Il voyage sur de petites barques d’île en île “[…] à travers une mer affreuse […]” et arrive en Nouvelle-Zélande. De là, il s’embarque vers l’Australie et se débrouille comme il peut avec les quelques mots d’anglais qu’il apprit auprès de ses amis, les communards français, compagnons d’infortune, déportés comme lui après une insurrection réprimée dans le sang. De Sydney, Aziz s’embarque pour l’Égypte.

Le consul de France à Suez charge ses espions de lui signaler l’éventuel passage de Aziz Ben Cheikh El-Haddad. En vain. Sa présence sur le sol égyptien n’est signalée que deux mois plus tard. Il était caché sous un faux nom et se faisait appeler El-Tahar Ben Hassan.

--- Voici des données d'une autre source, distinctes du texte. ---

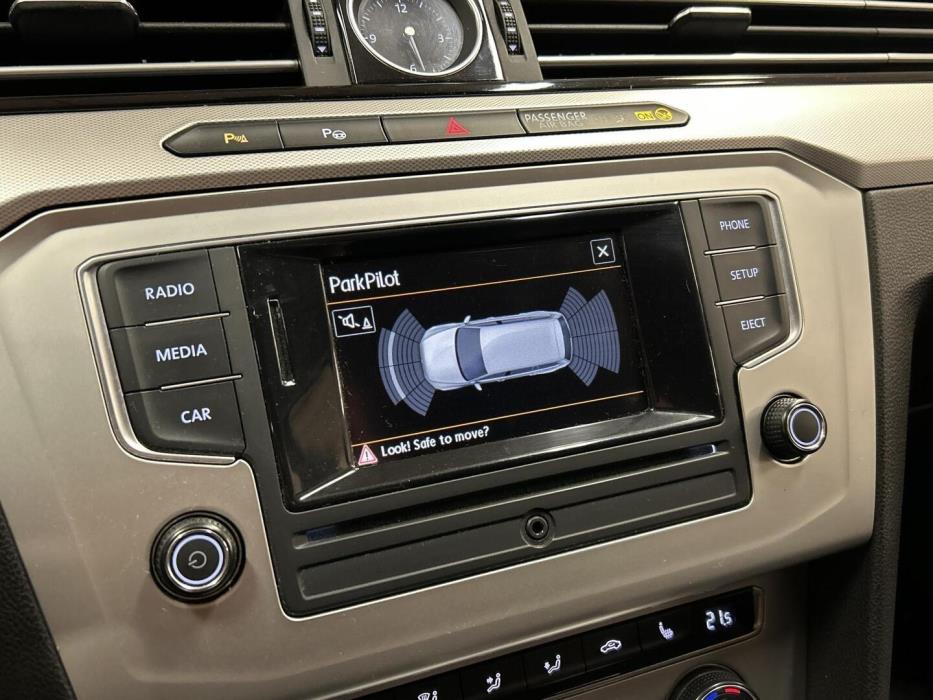 VOLKSWAGEN Passat 2015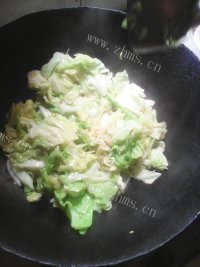 家常菜虾皮炒包菜做法图解5)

Le 5 août 1881, il part pour La Mecque pour accomplir le pèlerinage. Il s’installe là-bas, se remarie et tente de refaire sa vie. Entre-temps, l’amnistie pour les insurgés de 1871 est enfin acquise mais les autorités françaises ne veulent toujours pas entendre parler de son retour en Algérie. Aziz est jugé… l’un des chefs les plus dangereux et il faut le maintenir éloigné du pays. “Si Aziz ne doit pas rentrer en Kabylie. J’estime qu’il y a lieu de l’inviter à se rendre en Tunisie, sinon je lui indiquerai la région dans laquelle je l’autoriserais à résider en Algérie”, écrit le gouverneur général de l’Algérie. Le 22 août 1895, à l’âge de 55 ans, Aziz Aheddad décède à Paris. Venu de Djeddah au mois de juin réclamer la restitution des terres de sa famille, il s’éteignit au domicile de son ami et compagnon de déportation, le communard Eugène Mourot. Ses amis se cotisèrent pour rapatrier la dépouille en Algérie.

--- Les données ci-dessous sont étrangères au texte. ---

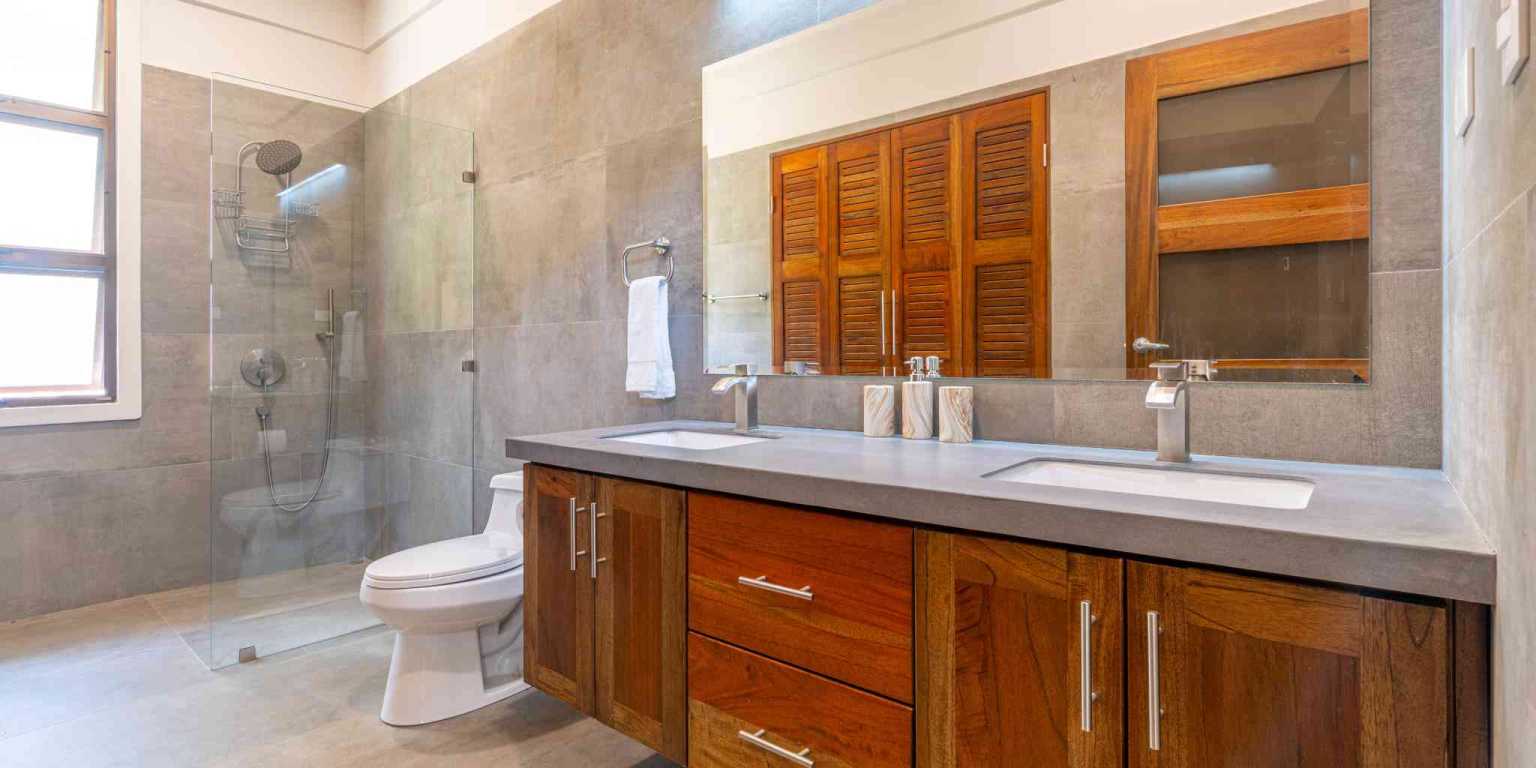 IMG_9376 Stunning 4-Bedroom Home with Mountain Views – Perfect Blend of Seclusion & Convenience in Ojochal Costa Rica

La dame que nous avons rencontrée à Seddouk Oufella a, cependant, une autre version : “À Paris, il est rentré à l’hôpital pour un simple bouton. Là, ils se sont rendu compte qu’il s’agissait de cheikh Aziz Belheddad et ils l’ont empoisonné. Non, il n’est pas mort de mort naturelle.” Elle se lamente du fait que beaucoup de souvenirs aient été perdus ou égarés comme les lettres que Aziz écrivait à sa femme en kabyle. Elles ont été empruntées par une collégienne qui a omis de les récupérer. Notre takhounith nous raconte encore que le jour de l’arrivée de la dépouille de cheikh Aziz au port d’Alger, des milliers de personnes s’étaient massées sur les quais. Cheikh Salah, son fils, était à ses côtés. En voyant l’autorité morale dont jouissait encore Aziz au vu de l’énorme foule qui avait afflué de partout, les autorités coloniales ont eu peur d’un autre soulèvement s’il venait à être enterré chez lui à Seddouk en Kabylie où la confrérie Rahmania était toujours très puissante et le ressentiment envers les Français encore très vif. Il a alors été inhumé à Constantine aux côtés de son défunt père, au cimetière de Sidi Mabrouk. Cheikh Aziz, mort ou vivant, était un danger pour la France.